Let me address Andrew T’s points:
1. “It’s false. Victor Stenger pretty much thoroughly debunked the premise (that the formation of stars in the universe is “a house of cards”).”
He certainly did not. If so, please point me to a published peer reviewed article where he demonstrates that the fine tunings are an illusion. (You won’t be able to.) And if so, why has our community (the physics community) ignored it? Why aren’t people like Susskind or Weinberg or Krauss saying: “Fantastic, Stenger has solved the fine tuning problem!” Take the fine tuning of the Cosmological constant. All Stenger has done is repeat the well-known conjecture that it might be solved with Quintessence (which itself has a fine tuning and other serious problems, and which hasn’t been detected.)
2. “It’s a non-sequitur. “Star formation is a house of cards, therefore God exists.”
Since you are using the phrase “house of cards” I assume you are referring to my earlier comment. At any rate that’s not the argument. To put the argument in very crude terms, and not totally accurately, it’s “God or multiple universes.” It’s not “ergo God.”
3. “But there’s ZERO cosmological basis for thinking that the fundamental constraints of the universe are capable of being other than they are in the first place.”

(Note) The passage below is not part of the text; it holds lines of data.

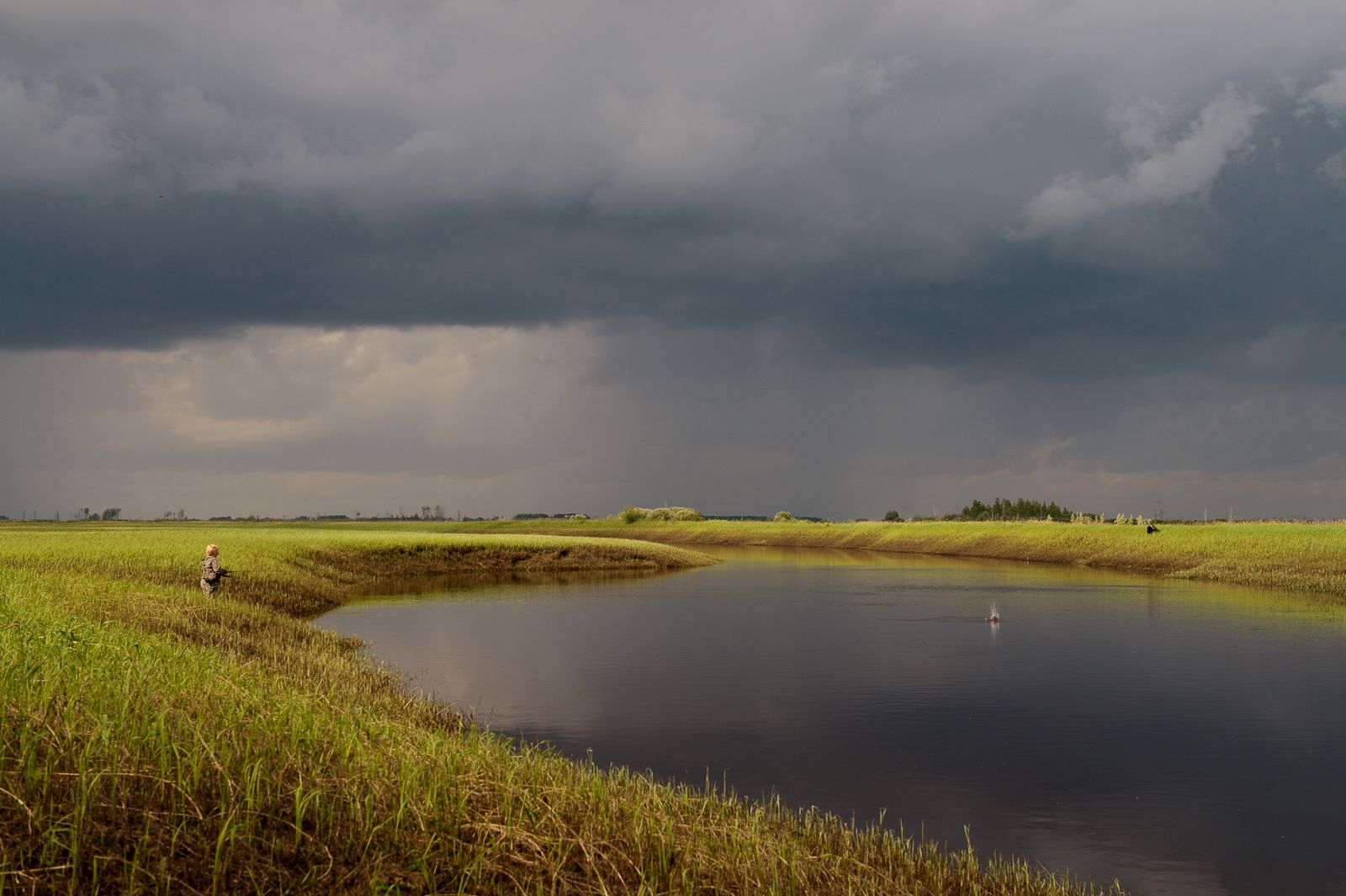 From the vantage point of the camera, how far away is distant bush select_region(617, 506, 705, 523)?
7008 inches

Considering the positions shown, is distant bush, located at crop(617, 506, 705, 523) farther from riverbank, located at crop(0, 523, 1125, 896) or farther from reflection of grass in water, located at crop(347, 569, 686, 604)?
riverbank, located at crop(0, 523, 1125, 896)

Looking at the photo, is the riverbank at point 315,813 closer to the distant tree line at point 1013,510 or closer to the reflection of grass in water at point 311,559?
the reflection of grass in water at point 311,559

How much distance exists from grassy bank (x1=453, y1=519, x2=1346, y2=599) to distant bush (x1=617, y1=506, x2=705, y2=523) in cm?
2936

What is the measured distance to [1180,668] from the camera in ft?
95.2

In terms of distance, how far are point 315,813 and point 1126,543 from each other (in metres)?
82.3

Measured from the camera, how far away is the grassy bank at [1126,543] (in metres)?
58.1

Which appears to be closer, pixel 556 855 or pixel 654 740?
pixel 556 855

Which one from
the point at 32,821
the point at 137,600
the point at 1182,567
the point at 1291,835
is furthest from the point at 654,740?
the point at 1182,567

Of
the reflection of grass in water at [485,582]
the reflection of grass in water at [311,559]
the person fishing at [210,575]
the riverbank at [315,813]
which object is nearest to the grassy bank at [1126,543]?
the reflection of grass in water at [311,559]

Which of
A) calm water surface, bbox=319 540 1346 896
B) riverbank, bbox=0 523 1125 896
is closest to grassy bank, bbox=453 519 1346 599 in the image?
calm water surface, bbox=319 540 1346 896

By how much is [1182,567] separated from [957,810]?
200 feet

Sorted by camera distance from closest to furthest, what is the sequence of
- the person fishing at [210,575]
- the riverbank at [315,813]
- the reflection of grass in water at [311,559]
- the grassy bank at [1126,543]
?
1. the riverbank at [315,813]
2. the person fishing at [210,575]
3. the reflection of grass in water at [311,559]
4. the grassy bank at [1126,543]

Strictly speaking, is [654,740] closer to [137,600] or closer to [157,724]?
[157,724]

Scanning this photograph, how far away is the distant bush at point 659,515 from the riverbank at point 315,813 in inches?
6389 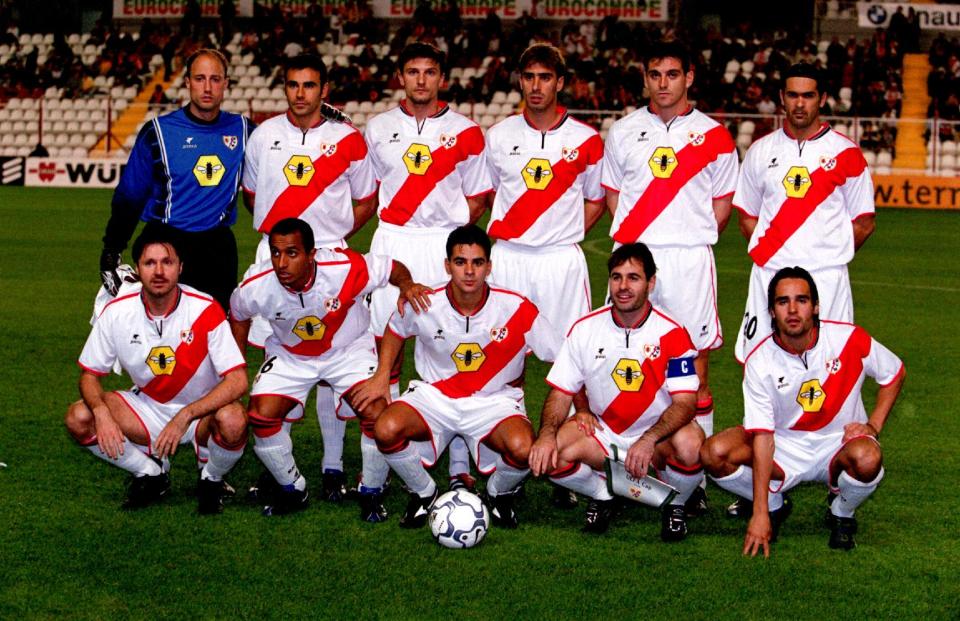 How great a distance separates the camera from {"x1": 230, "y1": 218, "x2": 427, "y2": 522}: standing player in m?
5.69

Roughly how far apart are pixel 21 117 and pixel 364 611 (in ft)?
86.2

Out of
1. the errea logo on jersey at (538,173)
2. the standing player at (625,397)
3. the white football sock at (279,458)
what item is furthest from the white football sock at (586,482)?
the errea logo on jersey at (538,173)

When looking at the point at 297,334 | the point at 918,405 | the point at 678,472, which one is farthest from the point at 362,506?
the point at 918,405

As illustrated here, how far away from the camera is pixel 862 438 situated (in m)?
5.17

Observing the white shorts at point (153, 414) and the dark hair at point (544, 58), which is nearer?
the white shorts at point (153, 414)

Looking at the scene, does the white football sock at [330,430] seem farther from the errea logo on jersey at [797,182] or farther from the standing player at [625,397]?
the errea logo on jersey at [797,182]

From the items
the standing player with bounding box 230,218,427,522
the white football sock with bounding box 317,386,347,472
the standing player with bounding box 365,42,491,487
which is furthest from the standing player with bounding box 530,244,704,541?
the standing player with bounding box 365,42,491,487

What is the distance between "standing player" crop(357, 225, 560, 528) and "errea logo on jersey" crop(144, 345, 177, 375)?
2.76 feet

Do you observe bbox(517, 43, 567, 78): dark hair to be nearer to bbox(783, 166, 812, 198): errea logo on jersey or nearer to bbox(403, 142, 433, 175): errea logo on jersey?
bbox(403, 142, 433, 175): errea logo on jersey

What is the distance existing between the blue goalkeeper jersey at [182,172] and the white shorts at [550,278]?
1425 millimetres

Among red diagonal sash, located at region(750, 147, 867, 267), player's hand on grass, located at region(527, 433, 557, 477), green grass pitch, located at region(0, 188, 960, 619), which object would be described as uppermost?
red diagonal sash, located at region(750, 147, 867, 267)

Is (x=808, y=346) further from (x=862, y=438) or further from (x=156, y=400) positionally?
(x=156, y=400)

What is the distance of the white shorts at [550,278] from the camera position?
6555 mm

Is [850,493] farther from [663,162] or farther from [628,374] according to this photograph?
[663,162] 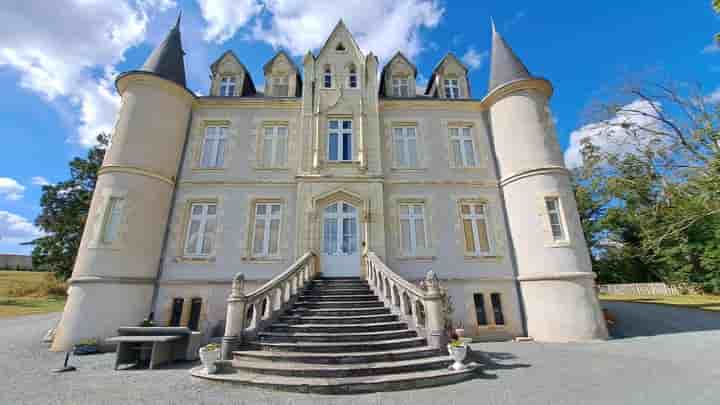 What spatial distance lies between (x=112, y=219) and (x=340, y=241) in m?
7.65

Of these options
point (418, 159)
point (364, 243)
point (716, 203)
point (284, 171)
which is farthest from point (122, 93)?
point (716, 203)

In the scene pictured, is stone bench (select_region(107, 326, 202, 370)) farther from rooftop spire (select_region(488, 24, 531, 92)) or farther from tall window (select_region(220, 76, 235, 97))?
rooftop spire (select_region(488, 24, 531, 92))

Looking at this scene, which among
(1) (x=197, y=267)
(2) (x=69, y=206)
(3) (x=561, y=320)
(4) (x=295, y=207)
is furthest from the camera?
(2) (x=69, y=206)

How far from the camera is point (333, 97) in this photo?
12.5 meters

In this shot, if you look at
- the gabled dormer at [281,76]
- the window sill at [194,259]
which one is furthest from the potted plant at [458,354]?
the gabled dormer at [281,76]

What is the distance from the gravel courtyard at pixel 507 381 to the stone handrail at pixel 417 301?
1141 mm

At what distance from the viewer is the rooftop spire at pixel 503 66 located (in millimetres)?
11992

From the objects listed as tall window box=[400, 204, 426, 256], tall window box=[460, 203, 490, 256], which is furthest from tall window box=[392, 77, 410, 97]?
tall window box=[460, 203, 490, 256]

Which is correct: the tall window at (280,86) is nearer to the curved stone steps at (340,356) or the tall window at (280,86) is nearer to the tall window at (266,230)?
the tall window at (266,230)

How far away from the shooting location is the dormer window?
13.5m

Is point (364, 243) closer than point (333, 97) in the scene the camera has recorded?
Yes

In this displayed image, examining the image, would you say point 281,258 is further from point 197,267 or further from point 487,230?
point 487,230

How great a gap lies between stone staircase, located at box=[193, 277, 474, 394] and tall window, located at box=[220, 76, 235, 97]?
1042cm

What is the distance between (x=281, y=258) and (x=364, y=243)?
3.03 m
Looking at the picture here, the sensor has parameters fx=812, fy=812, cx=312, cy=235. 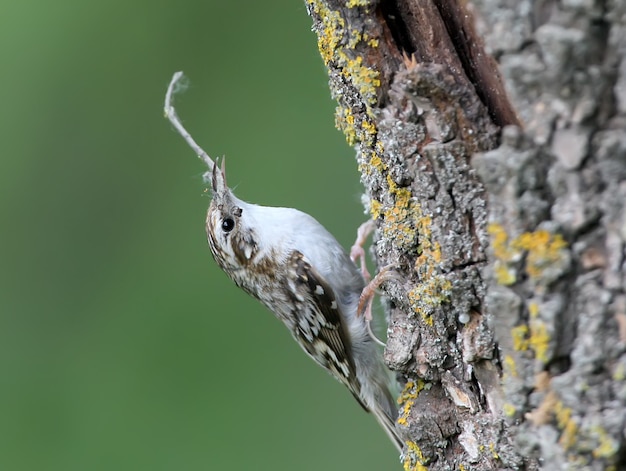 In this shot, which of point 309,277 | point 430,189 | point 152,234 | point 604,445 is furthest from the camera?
point 152,234

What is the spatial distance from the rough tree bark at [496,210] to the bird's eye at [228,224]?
82 cm

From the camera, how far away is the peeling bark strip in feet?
5.38

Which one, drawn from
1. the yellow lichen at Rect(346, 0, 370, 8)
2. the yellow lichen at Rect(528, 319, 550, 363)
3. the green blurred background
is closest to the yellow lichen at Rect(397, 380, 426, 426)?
the yellow lichen at Rect(528, 319, 550, 363)

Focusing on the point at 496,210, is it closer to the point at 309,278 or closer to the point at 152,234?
the point at 309,278

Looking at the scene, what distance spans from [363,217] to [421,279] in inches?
63.7

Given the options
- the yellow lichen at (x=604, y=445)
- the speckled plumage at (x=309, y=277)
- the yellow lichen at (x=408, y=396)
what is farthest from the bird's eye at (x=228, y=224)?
the yellow lichen at (x=604, y=445)

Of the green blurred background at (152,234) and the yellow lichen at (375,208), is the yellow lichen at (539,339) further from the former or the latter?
the green blurred background at (152,234)

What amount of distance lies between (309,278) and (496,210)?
4.54 ft

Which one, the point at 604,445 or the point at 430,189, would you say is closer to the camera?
the point at 604,445

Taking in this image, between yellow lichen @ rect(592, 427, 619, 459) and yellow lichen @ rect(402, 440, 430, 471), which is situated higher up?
yellow lichen @ rect(592, 427, 619, 459)

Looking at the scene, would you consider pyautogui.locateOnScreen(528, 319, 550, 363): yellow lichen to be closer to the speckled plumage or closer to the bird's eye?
the speckled plumage

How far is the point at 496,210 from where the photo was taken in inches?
55.4

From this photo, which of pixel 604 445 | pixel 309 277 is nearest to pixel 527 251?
pixel 604 445

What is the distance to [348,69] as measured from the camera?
1830mm
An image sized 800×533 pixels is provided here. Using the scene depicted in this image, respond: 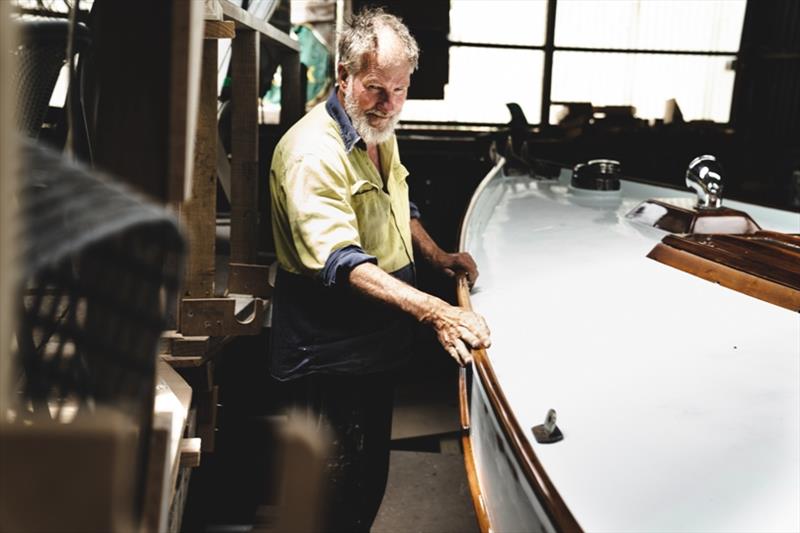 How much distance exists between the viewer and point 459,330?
1794mm

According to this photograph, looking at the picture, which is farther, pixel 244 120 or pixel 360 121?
pixel 244 120

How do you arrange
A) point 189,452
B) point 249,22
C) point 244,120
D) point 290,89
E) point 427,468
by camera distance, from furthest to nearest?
point 290,89
point 427,468
point 244,120
point 249,22
point 189,452

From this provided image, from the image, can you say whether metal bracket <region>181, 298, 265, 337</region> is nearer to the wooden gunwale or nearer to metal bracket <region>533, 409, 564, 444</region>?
the wooden gunwale

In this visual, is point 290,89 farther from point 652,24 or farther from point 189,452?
point 652,24

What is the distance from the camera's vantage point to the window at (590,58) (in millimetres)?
7078

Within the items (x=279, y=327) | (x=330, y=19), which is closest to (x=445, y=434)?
(x=279, y=327)

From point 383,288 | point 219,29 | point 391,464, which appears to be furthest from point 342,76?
point 391,464

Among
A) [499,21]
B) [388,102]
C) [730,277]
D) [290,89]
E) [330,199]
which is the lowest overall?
[730,277]

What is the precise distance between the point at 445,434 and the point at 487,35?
4504 mm

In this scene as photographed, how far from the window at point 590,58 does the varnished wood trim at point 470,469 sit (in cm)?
536

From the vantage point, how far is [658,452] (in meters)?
1.21

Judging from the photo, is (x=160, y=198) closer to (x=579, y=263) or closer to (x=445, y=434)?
(x=579, y=263)

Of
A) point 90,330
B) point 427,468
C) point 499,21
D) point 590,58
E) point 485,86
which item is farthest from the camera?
point 590,58

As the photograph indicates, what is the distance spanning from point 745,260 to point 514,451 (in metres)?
1.09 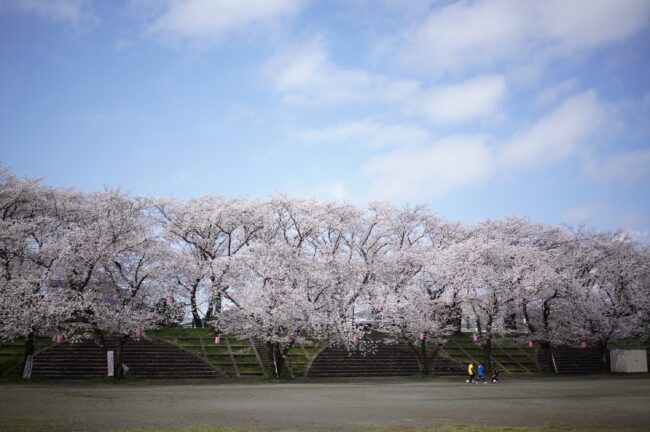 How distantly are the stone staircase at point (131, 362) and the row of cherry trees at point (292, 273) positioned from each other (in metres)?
1.91

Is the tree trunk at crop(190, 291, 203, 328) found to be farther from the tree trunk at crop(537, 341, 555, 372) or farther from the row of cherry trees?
the tree trunk at crop(537, 341, 555, 372)

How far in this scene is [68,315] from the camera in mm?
37531

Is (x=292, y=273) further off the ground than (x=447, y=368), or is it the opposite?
(x=292, y=273)

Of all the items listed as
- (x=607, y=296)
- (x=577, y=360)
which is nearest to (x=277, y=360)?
(x=577, y=360)

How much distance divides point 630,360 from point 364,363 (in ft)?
79.1

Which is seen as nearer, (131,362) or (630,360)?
(131,362)

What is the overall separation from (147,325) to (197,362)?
557cm

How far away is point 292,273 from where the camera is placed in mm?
45250

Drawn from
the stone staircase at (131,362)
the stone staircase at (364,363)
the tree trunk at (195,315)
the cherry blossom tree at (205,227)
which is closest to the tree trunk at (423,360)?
the stone staircase at (364,363)

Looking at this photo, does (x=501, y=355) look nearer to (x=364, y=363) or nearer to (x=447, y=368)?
(x=447, y=368)

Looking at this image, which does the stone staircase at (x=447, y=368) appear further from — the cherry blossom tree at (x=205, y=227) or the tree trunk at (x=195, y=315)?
the tree trunk at (x=195, y=315)

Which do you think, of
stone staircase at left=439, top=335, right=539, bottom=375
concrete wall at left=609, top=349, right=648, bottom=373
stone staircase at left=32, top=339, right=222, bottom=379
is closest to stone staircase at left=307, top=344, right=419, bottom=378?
stone staircase at left=439, top=335, right=539, bottom=375

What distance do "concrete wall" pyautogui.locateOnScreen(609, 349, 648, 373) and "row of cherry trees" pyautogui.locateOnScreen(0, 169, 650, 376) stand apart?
162 cm

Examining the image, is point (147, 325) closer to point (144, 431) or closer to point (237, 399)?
point (237, 399) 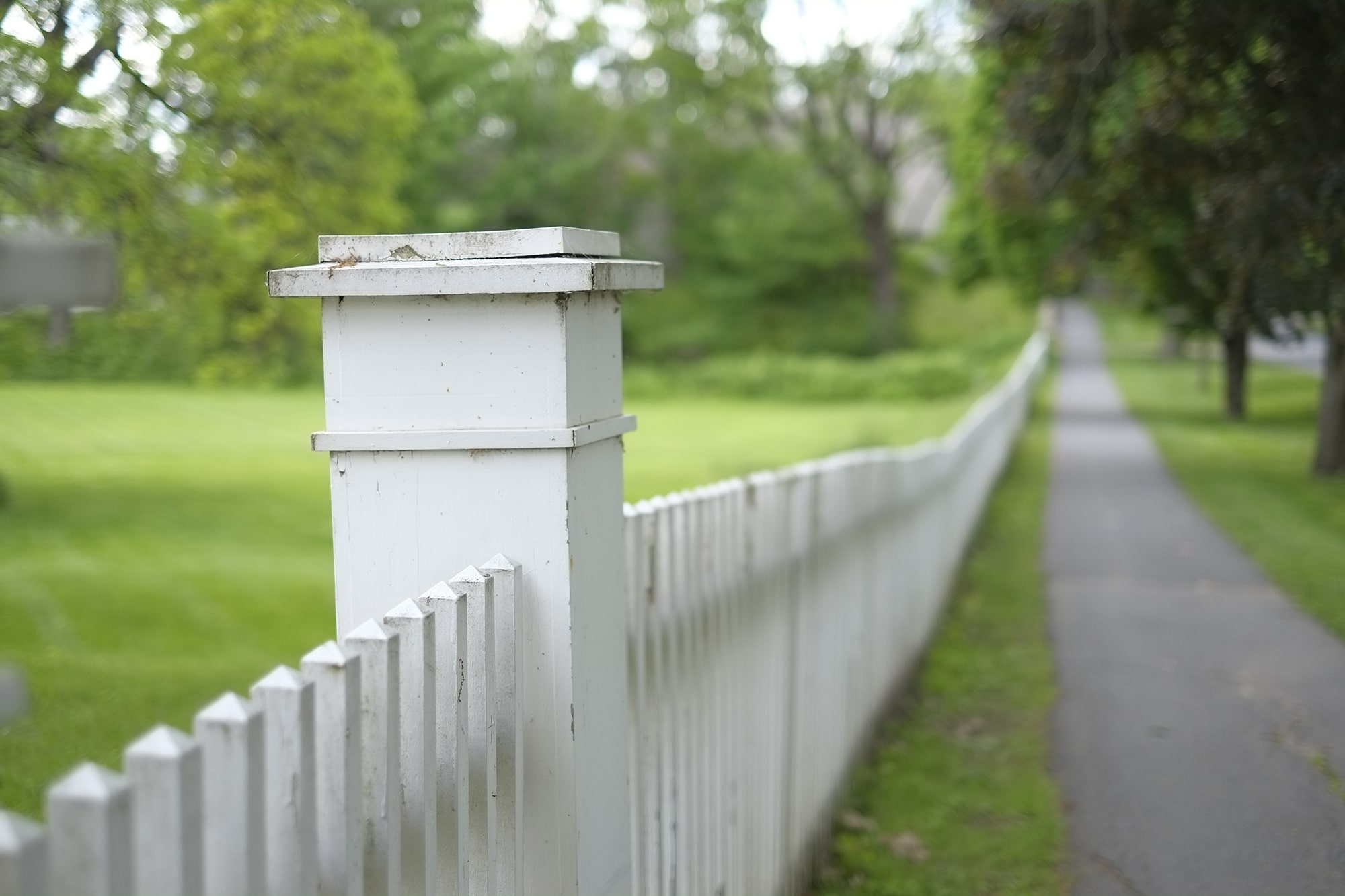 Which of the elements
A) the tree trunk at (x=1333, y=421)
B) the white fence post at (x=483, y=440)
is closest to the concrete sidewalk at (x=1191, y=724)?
the white fence post at (x=483, y=440)

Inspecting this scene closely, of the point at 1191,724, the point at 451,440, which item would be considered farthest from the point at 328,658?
the point at 1191,724

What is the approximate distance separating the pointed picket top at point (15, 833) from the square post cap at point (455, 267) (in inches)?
46.8

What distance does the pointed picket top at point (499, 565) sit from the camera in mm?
2244

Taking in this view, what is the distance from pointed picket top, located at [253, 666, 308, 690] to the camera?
1545mm

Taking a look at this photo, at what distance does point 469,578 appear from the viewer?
6.99ft

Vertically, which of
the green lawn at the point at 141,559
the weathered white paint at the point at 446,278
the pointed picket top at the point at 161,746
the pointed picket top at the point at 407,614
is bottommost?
the green lawn at the point at 141,559

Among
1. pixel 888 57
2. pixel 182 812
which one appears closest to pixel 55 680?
pixel 182 812

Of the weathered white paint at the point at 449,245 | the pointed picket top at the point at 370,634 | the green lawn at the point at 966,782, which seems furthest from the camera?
the green lawn at the point at 966,782

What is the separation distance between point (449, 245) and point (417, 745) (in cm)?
92

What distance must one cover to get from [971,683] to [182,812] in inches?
263

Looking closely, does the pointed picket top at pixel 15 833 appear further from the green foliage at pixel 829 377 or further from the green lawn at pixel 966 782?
the green foliage at pixel 829 377

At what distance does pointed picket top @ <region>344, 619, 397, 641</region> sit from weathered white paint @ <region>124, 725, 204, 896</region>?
0.40 metres

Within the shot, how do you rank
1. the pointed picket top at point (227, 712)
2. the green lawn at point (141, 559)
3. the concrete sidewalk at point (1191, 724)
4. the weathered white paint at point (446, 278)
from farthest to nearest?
the green lawn at point (141, 559) → the concrete sidewalk at point (1191, 724) → the weathered white paint at point (446, 278) → the pointed picket top at point (227, 712)

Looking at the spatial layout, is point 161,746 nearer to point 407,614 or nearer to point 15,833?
point 15,833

And if that turns out to be true, then I would expect a mass conversion to theism in the scientific community. Right now we have two basic facts: 1) habitability is sensitive to the values of the constants, and 2) our constants appear to be random draws. This provides strong circumstantial evidence for multiverse theories (better, in my opinion, than it points to God) which indeed suggest that our constants are effectively random draws with no other explanation. If a fundamental theory was developed that predicted the constants (which would be contra the multiverse theories), habitibility would still be sensitive to their values, but now it would be, in effect, much more elegantly and God-like, built into the fundamental equations of spacetime. You make the same mistake as the ID people—they think a miniscule probability for habitibility signals God—when in fact it’s the unit probability result that would be hard to ignore.
4. “It’s not an argument for Christianity.”
That’s true. Neither is the same argument in New Testament form (Romans 1:20).
David Heddle concedes that if the facts underlying his fine-tuning argument were EXACTLY THE OPPOSITE, then he would “expect a mass conversion to theism in the scientific community.”
This is, of course, my point: when your argument is “heads I win, tails you lose,” it’s a pretty good sign that you’re not really making an argument.